Los sermones del doctor Fordyce han formado parte durante mucho tiempo de las bibliotecas femeninas; más aún, se permite que los lean las niñas en las escuelas. Pero, si bien ha de concederse que contienen muchas observaciones sensatas, debo desecharlos de la de mi pupila si quiero fortalecer su entendimiento, dirigiéndola para que se forme sólidos principios sobre bases amplias, o aunque solo deseara cultivar su gusto.

Puede que el doctor Fordyce haya tenido en perspectiva un fin muy laudable, pero estos discursos están escritos con un estilo tan afectado que, aunque solo fuera por eso y no tuviera nada que objetar contra sus conceptos melifluos, no debo permitir a las niñas que los lean, a menos que intente echar fuera de su constitución cualquier destello natural, disolviendo toda cualidad humana en mansedumbre femenina y gracia artificial. Digo artificial porque la verdadera surge de cierta independencia mental.

Los niños, que no se cuidan de agradar y solo desean divertirse, a menudo son muy graciosos; y la nobleza que ha vivido la mayor parte del tiempo con inferiores y siempre ha dispuesto de dinero adquiere una naturalidad de porte que más bien debe denominarse gracia corporal, en lugar de esa gracia superior que es la verdadera expresión de la mente. Esta gracia mental, que pasa desapercibida ante los ojos vulgares, con frecuencia irradia de un semblante tosco y, al iluminar todas las facciones, muestra una mente sencilla e independiente. Entonces es cuando leemos la inmortalidad en los ojos y vemos el alma en cada gesto, aunque, a la postre, ni el rostro ni los miembros tengan mucha belleza que los recomienden o la conducta nada particular para atraer la atención universal. Sin embargo, la masa de la humanidad busca una belleza más tangible; además, ¿se admira la sencillez en general, cuando la gente no pone en consideración qué admira?, ¿y puede haber sencillez sin sinceridad? Pero termino con los comentarios que en cierta medida son inconexos, aunque los temas los hacen surgir de forma natural.

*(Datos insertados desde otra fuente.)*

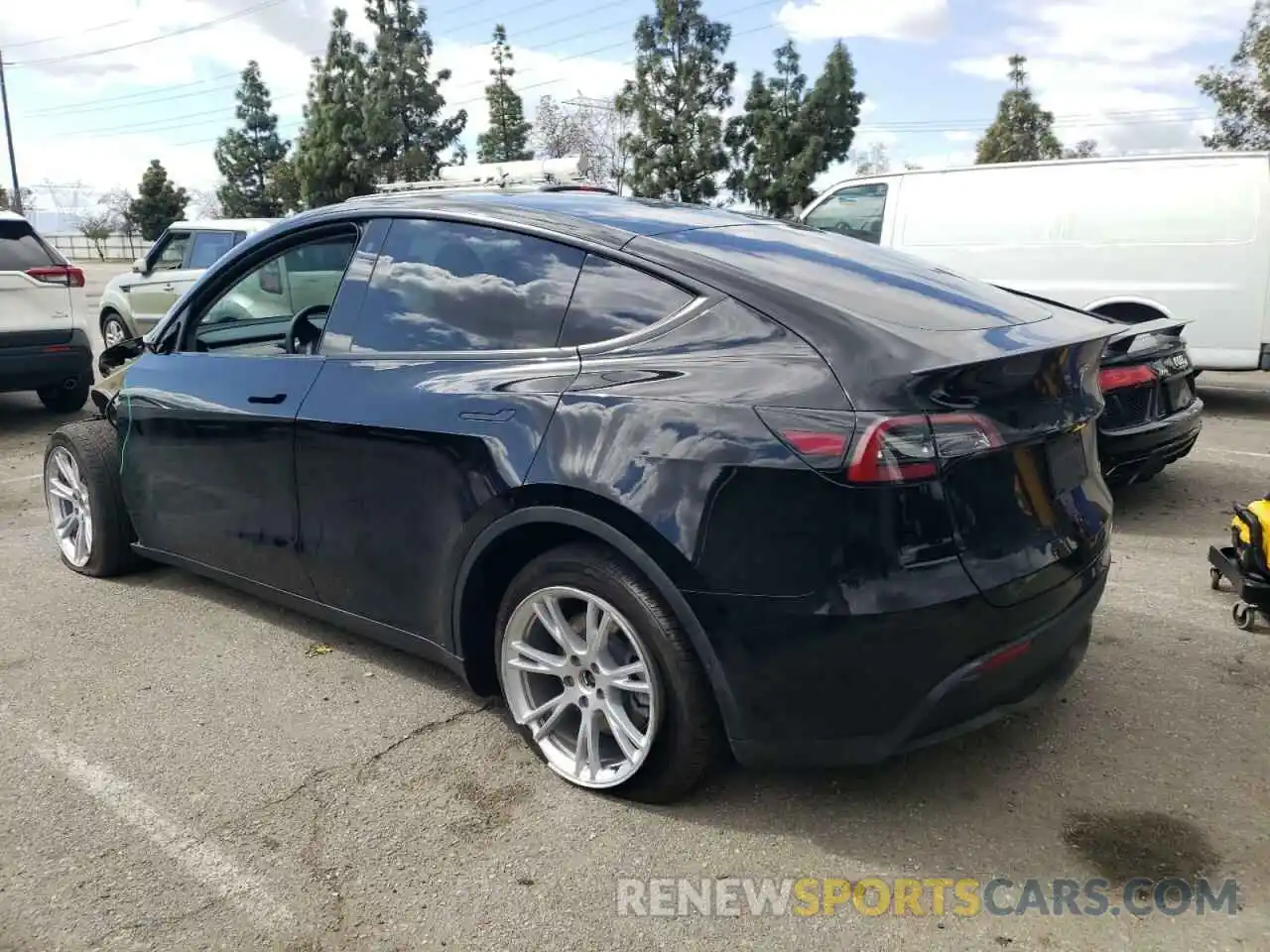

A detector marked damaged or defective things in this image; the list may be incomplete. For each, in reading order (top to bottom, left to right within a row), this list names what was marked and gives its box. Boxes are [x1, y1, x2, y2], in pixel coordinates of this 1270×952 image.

El doctor Fordyce da cien vueltas a la elocuencia de Rousseau en sus párrafos declamatorios y con lenguaje engolado y sentimental detalla sus opiniones sobre el carácter femenino y la conducta que debe adoptar la mujer para hacerse amada.

Habla por sí mismo cuando hace que la Naturaleza se dirija al hombre de este modo:

Mira a estas risueñas inocentes a las que he agraciado con mis más bellos dones y he encomendado a tu protección; míralas con amor y respeto; trátalas con ternura y honor. Son tímidas y necesitan ser defendidas. Son frágiles. ¡No te aproveches de su debilidad! Deja que se hagan querer por sus miedos y rubores. Nunca abuses de su confianza. ¿Pero es posible que alguno de vosotros sea tan bárbaro, tan perverso como para abusar de ellas? ¿Podéis sentiros capaces de despojar a estas criaturas gentiles y confiadas de su tesoro o hacer algo para despojarlas de su manto original de virtud? ¡Maldita sea la mano impía que se atreva a violar el cuerpo de castidad inmaculada! ¡Absteneos, desgraciados, rufianes! No os aventuréis a provocar la más violenta venganza del Cielo.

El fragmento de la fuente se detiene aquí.